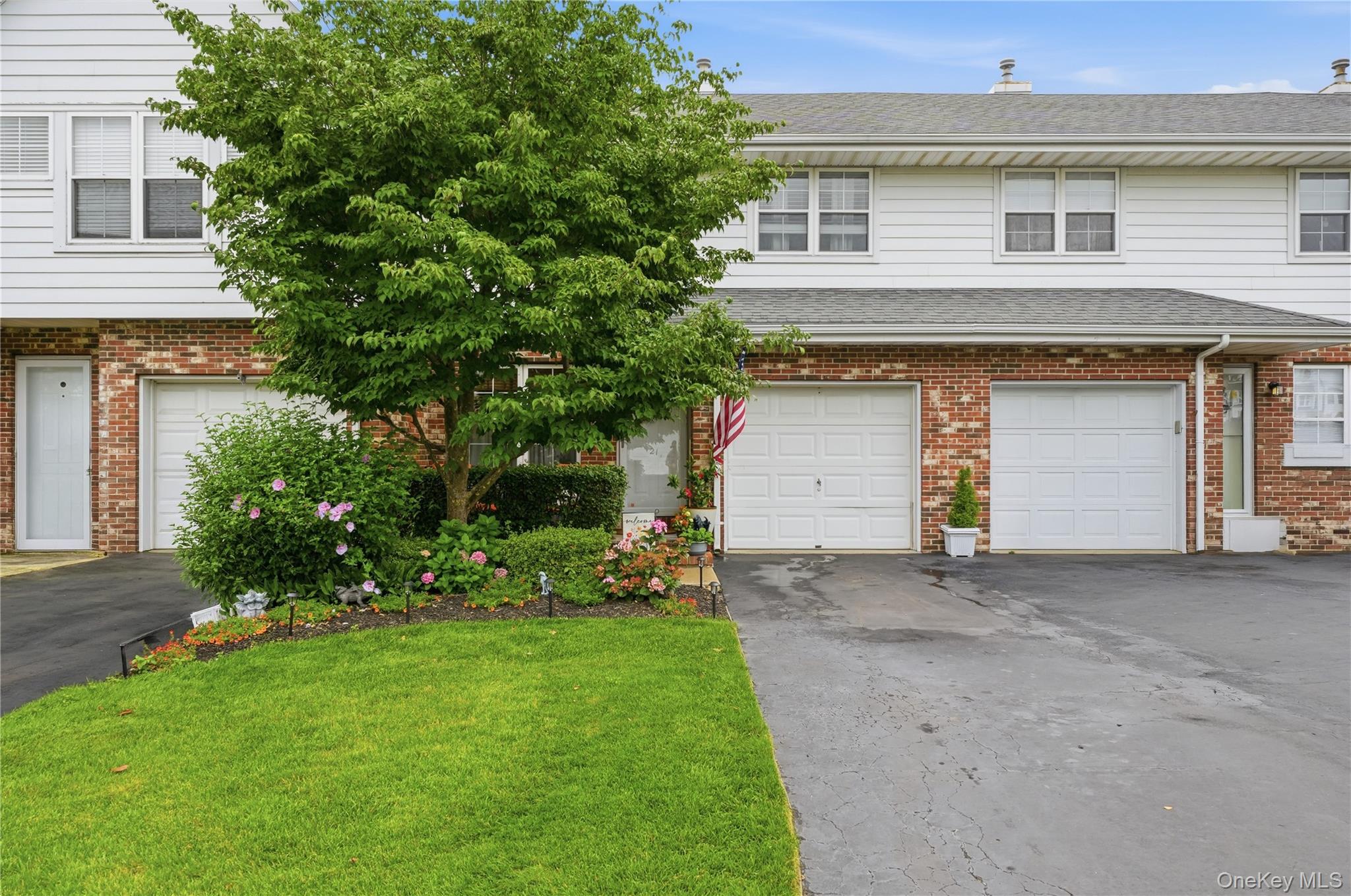 21 Broadlawn Drive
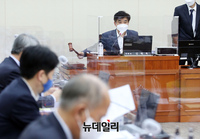 [포토] 의사진행 하는 김병욱 정무위원회 법안심사 소위원장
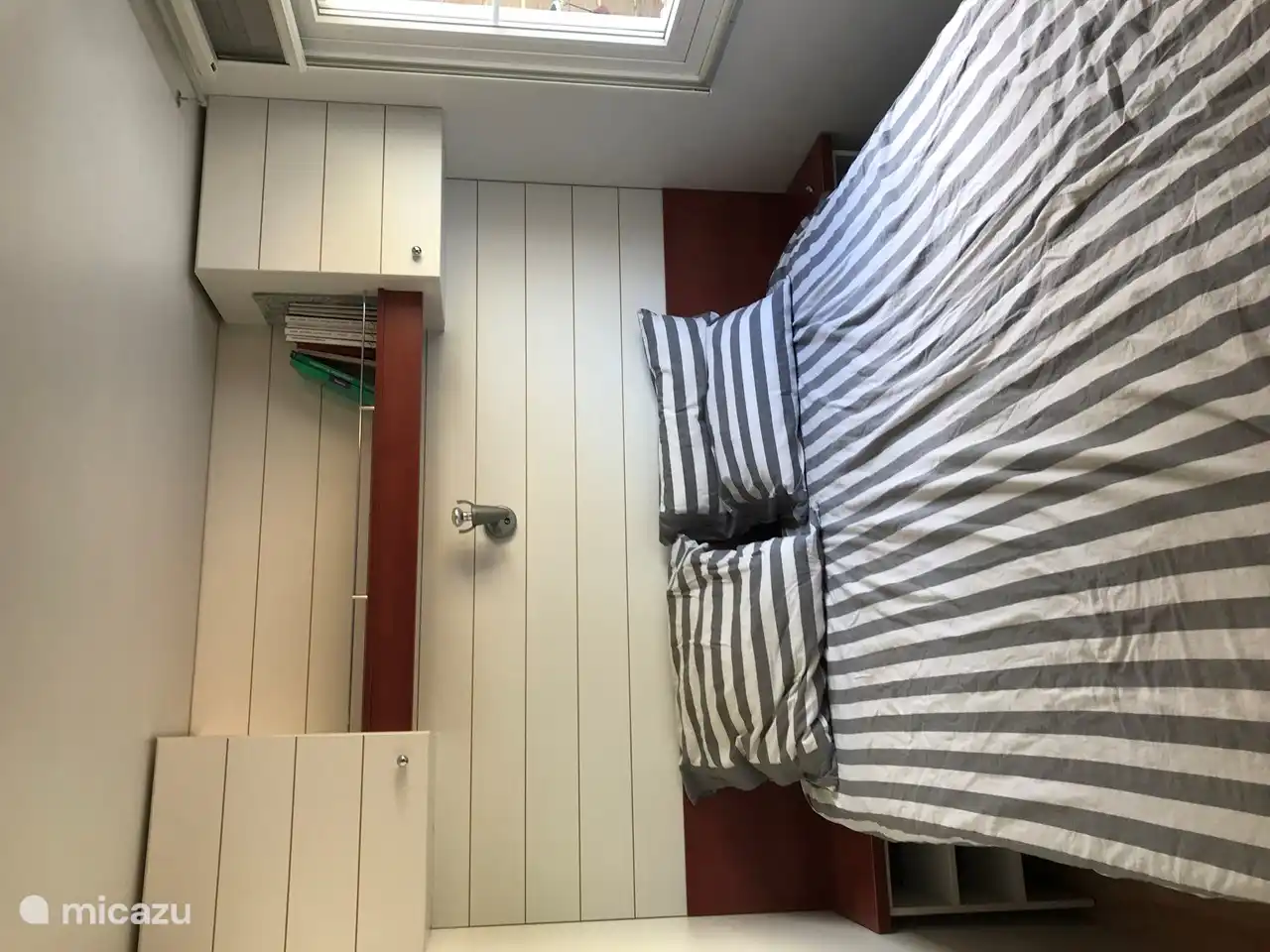 Schlafzimmer 1, mit Moskitonetz vor dem Fenster und vor einem Fensterladen.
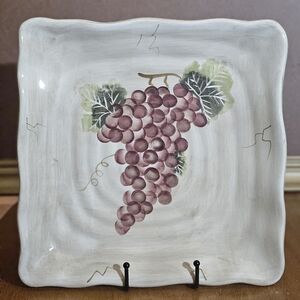 Tabletops Unlimited Cabernet (Semi Scallopped, Rippled) Square 11" Plate.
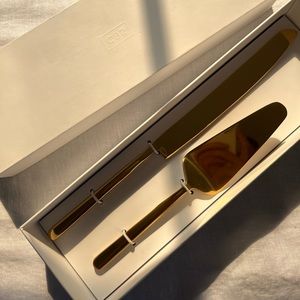 NIB CB2 2-Piece Gold Cake Set
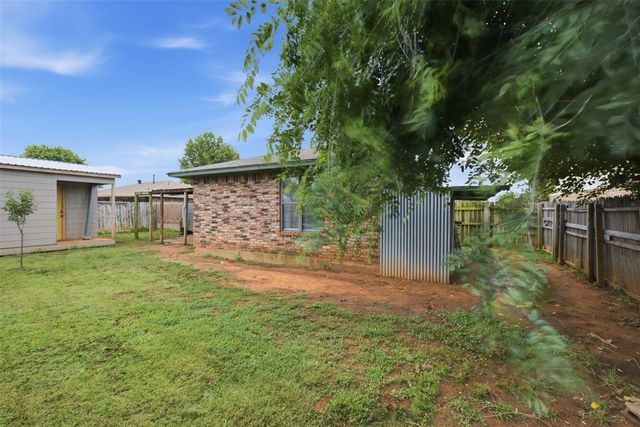221 W Strasburg Way, Mustang, OK 73064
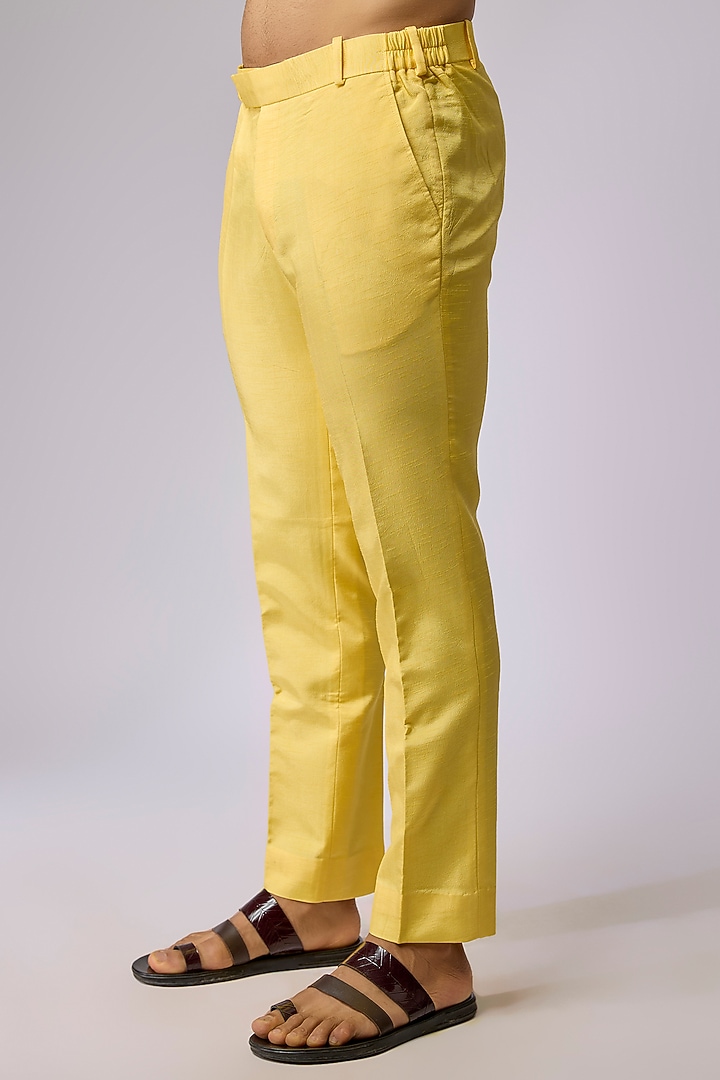 Yellow Silk Kurta Set by Jayesh and Kaajal Shah Men at Pernia's Pop Up Shop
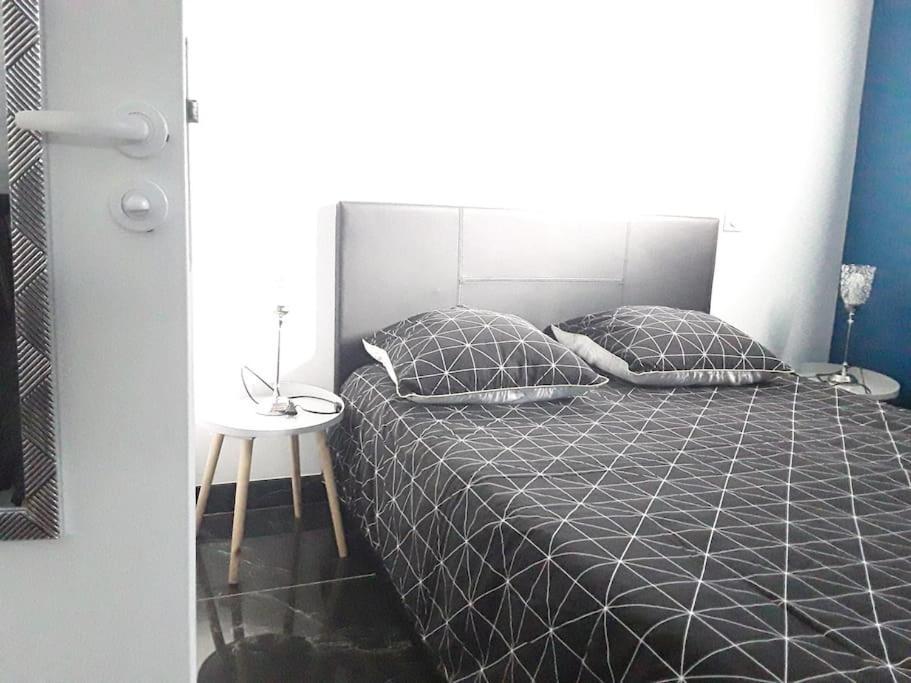 Maisonnette 28 M2 Au Fond Du Jardin Calme&Confort مونديفيل المظهر الخارجي الصورة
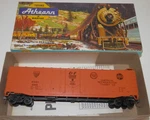 Athearn Ho Scale 50' Co Mddx 2345 Plug Door Box Car #1362 With Kadees. Fixed Price $12.99.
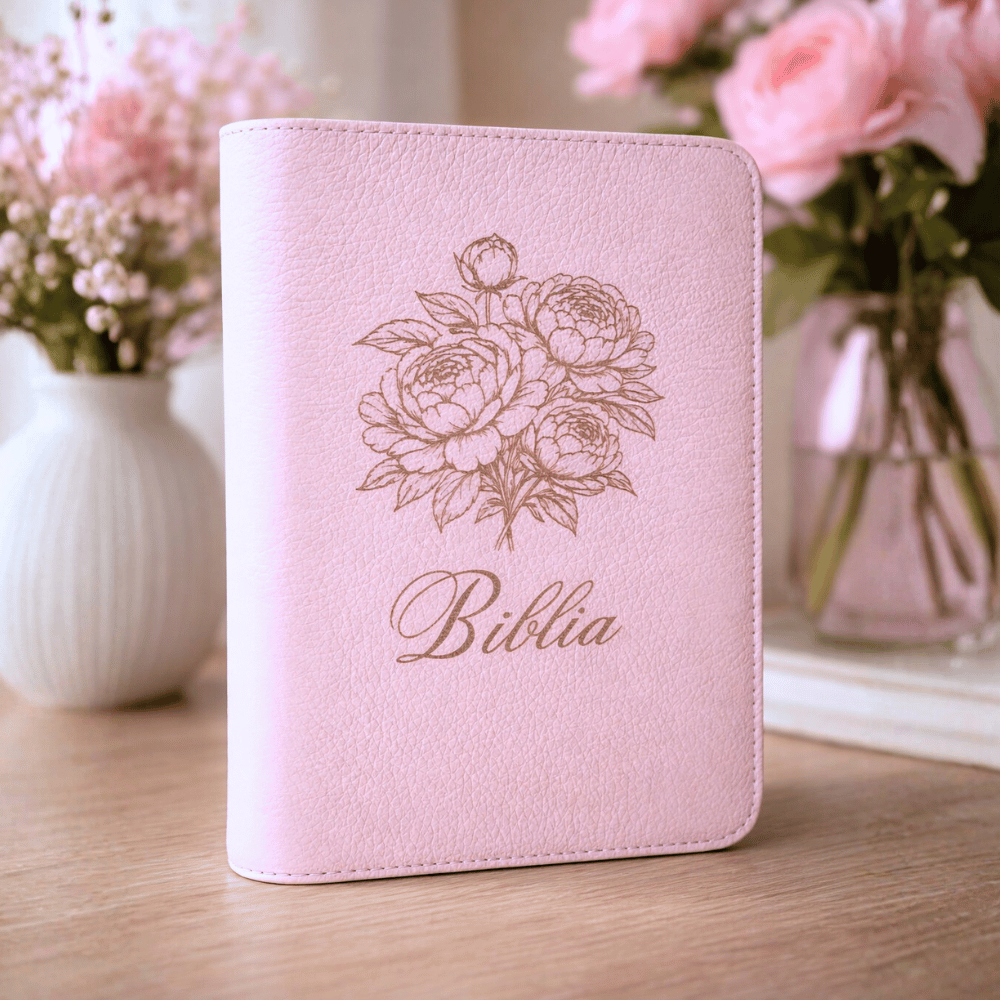 Biblie din piele, marime medie, roz pal, simbol gravat floral, fermoar, index, margini aurii, cuv. lui Isus cu rosu [057 PFI]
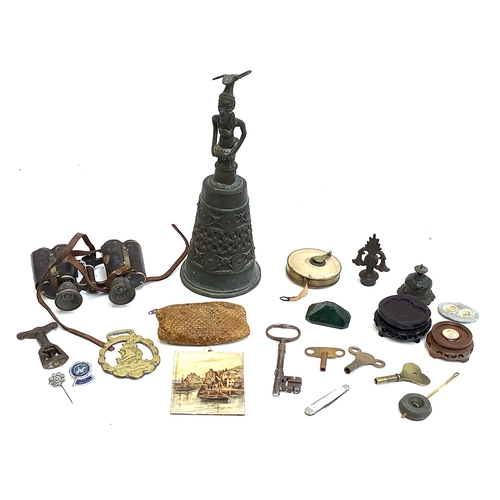 505 - A mixed lot to include antique binoculars; mother of pearl handled penknife; various keys; a small o... 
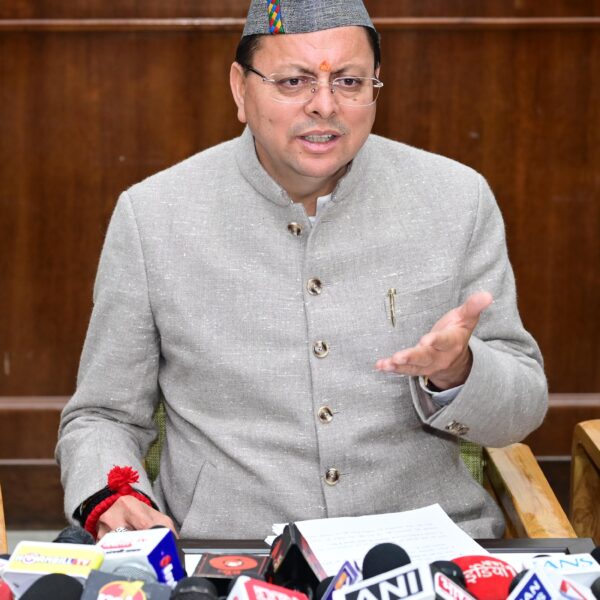 सीएम धामी ने विकास व प्रगति की सोच को अनूठे अंदाज में सामने रखा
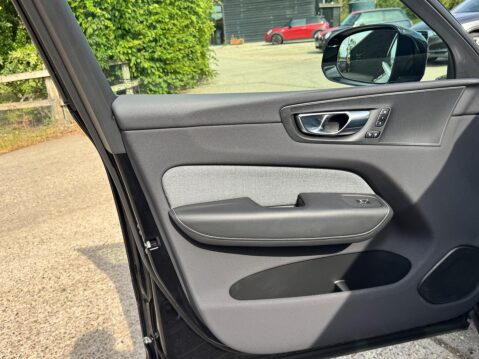 Volvo XC60 2.0h T6 Recharge 18.8kWh Inscription Auto AWD Euro 6 (s/s) 5dr 32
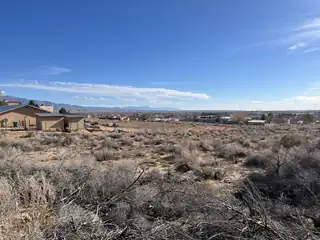 5708 Rio Arriba Road NE 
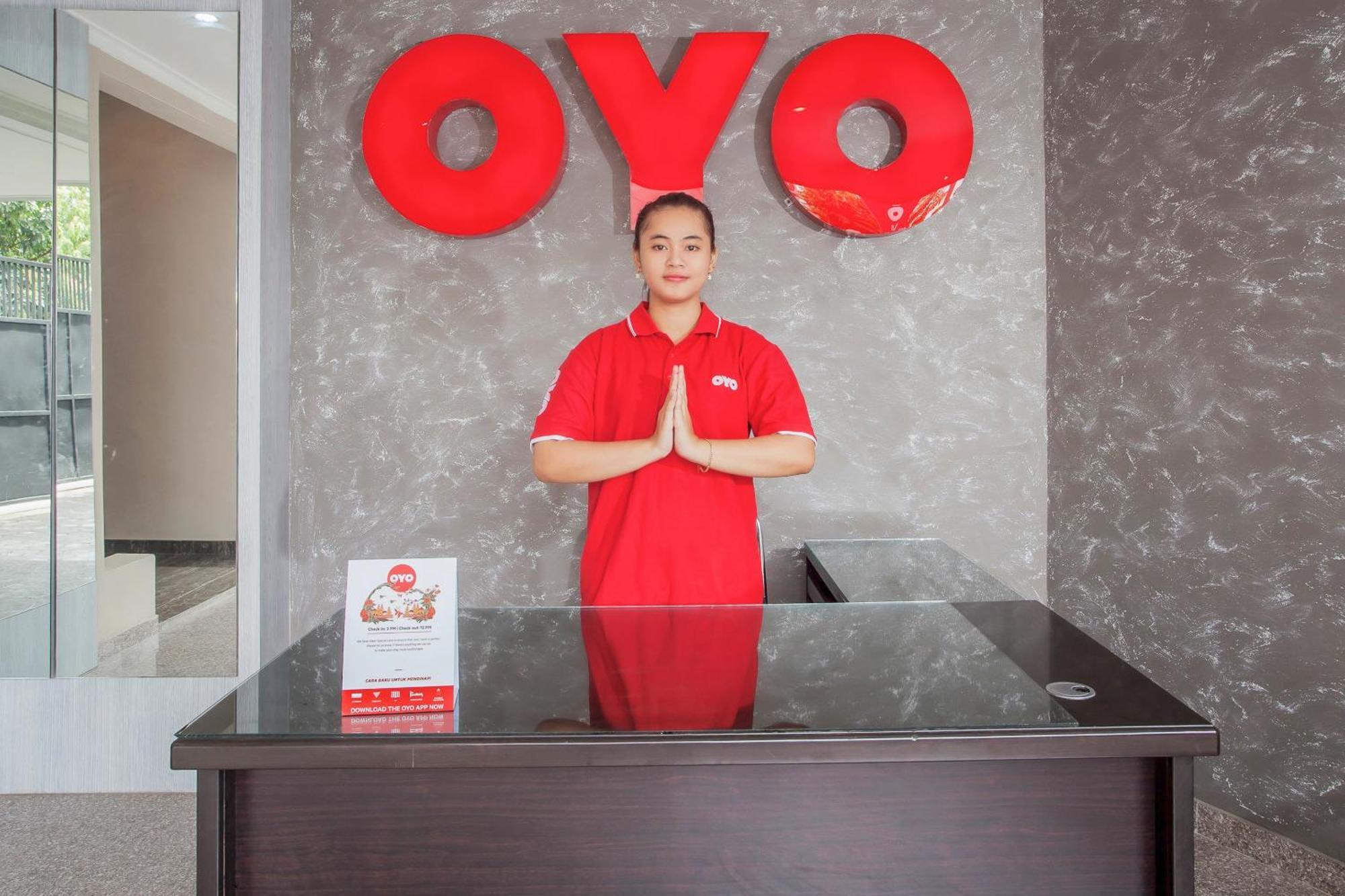 Super Oyo Capital O 134 Lg Residence Surabaya Exterior foto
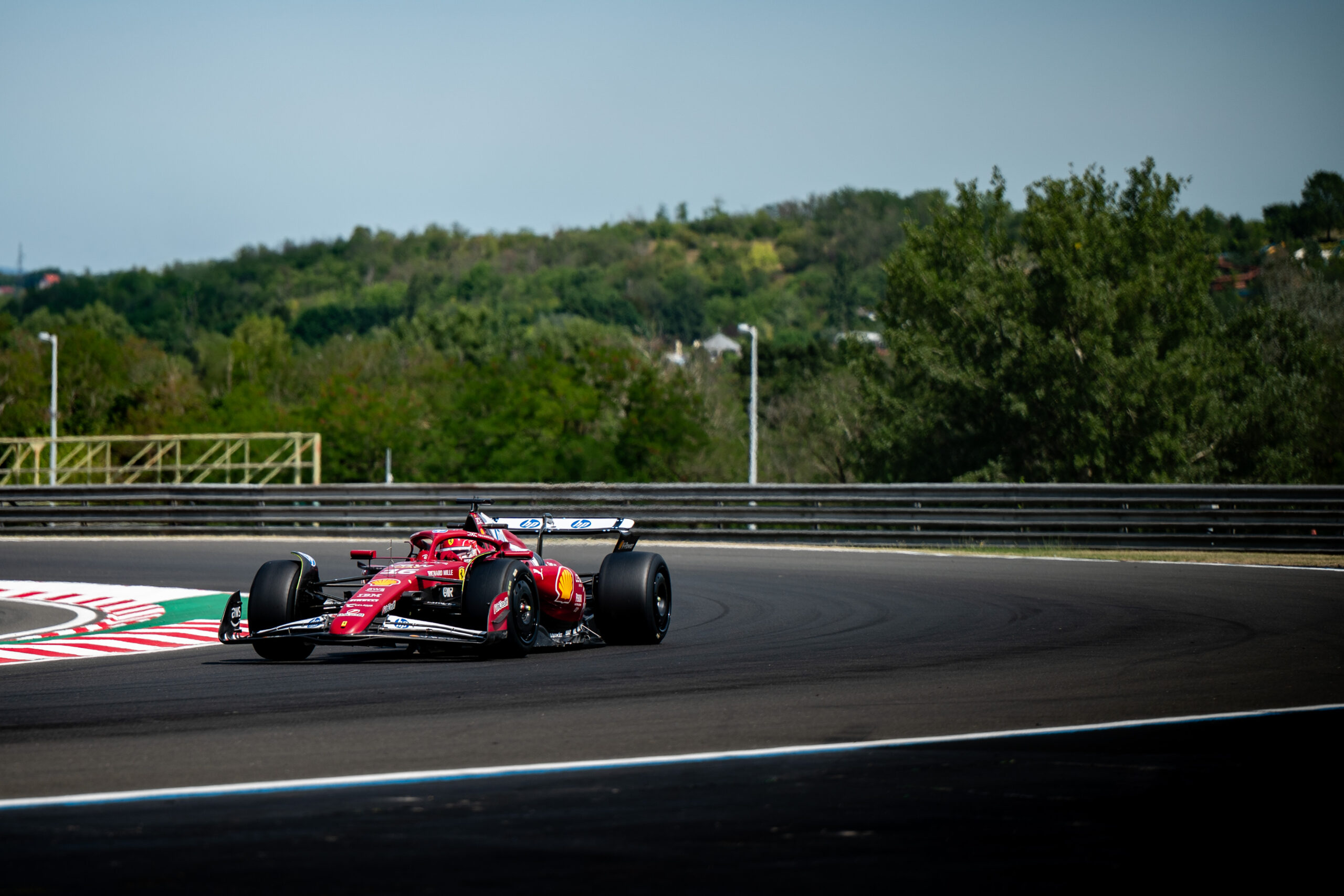 F1: Pirelli concluiu testes dos novos pneus na Hungria, Leclerc fez 144 voltas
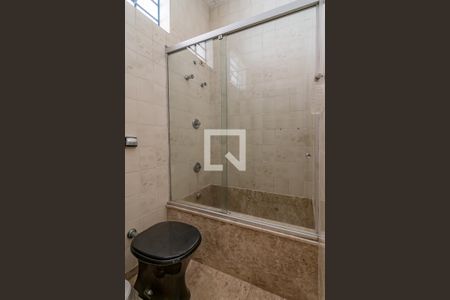 Casa à venda com 293m², 3 quartos e sem vagaBanheiro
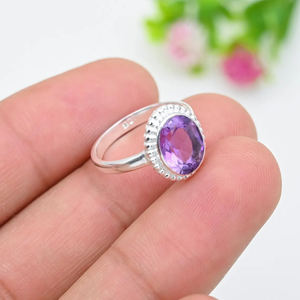 Bague en Améthyste de Qualité Supérieure, Argent Sterling 925, Bijou Minimaliste Raffiné, Cadeau pour Femme pour Mariage, Fiançailles, Anniversaire - Product Image 3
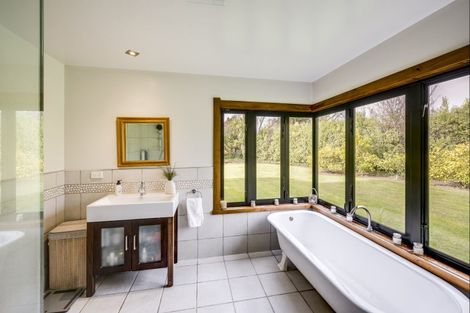 Photo of property in 260 Havelock Road, Akina, Hastings, 4122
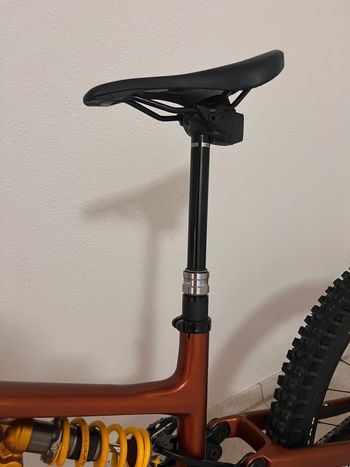Used Specialized Stumpjumper 15 Öhlins Coil 2025 2025 Mountainbike, Red, 29, 27.5 — image 8 of 20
------------------------
● Task
Word for word, quote the lines above. Omit the pictures.

● Response to the task
 21 Broadlawn Drive
 [포토] 의사진행 하는 김병욱 정무위원회 법안심사 소위원장
 Schlafzimmer 1, mit Moskitonetz vor dem Fenster und vor einem Fensterladen.
 Tabletops Unlimited Cabernet (Semi Scallopped, Rippled) Square 11" Plate.
 NIB CB2 2-Piece Gold Cake Set
221 W Strasburg Way, Mustang, OK 73064
 Yellow Silk Kurta Set by Jayesh and Kaajal Shah Men at Pernia's Pop Up Shop
 Maisonnette 28 M2 Au Fond Du Jardin Calme&Confort مونديفيل المظهر الخارجي الصورة
 Athearn Ho Scale 50' Co Mddx 2345 Plug Door Box Car #1362 With Kadees. Fixed Price $12.99.
 Biblie din piele, marime medie, roz pal, simbol gravat floral, fermoar, index, margini aurii, cuv. lui Isus cu rosu [057 PFI]
 505 - A mixed lot to include antique binoculars; mother of pearl handled penknife; various keys; a small o... 
 सीएम धामी ने विकास व प्रगति की सोच को अनूठे अंदाज में सामने रखा
 Volvo XC60 2.0h T6 Recharge 18.8kWh Inscription Auto AWD Euro 6 (s/s) 5dr 32
 5708 Rio Arriba Road NE 
 Super Oyo Capital O 134 Lg Residence Surabaya Exterior foto
 F1: Pirelli concluiu testes dos novos pneus na Hungria, Leclerc fez 144 voltas
 Casa à venda com 293m², 3 quartos e sem vagaBanheiro
 Bague en Améthyste de Qualité Supérieure, Argent Sterling 925, Bijou Minimaliste Raffiné, Cadeau pour Femme pour Mariage, Fiançailles, Anniversaire - Product Image 3
 Photo of property in 260 Havelock Road, Akina, Hastings, 4122
Used Specialized Stumpjumper 15 Öhlins Coil 2025 2025 Mountainbike, Red, 29, 27.5 — image 8 of 20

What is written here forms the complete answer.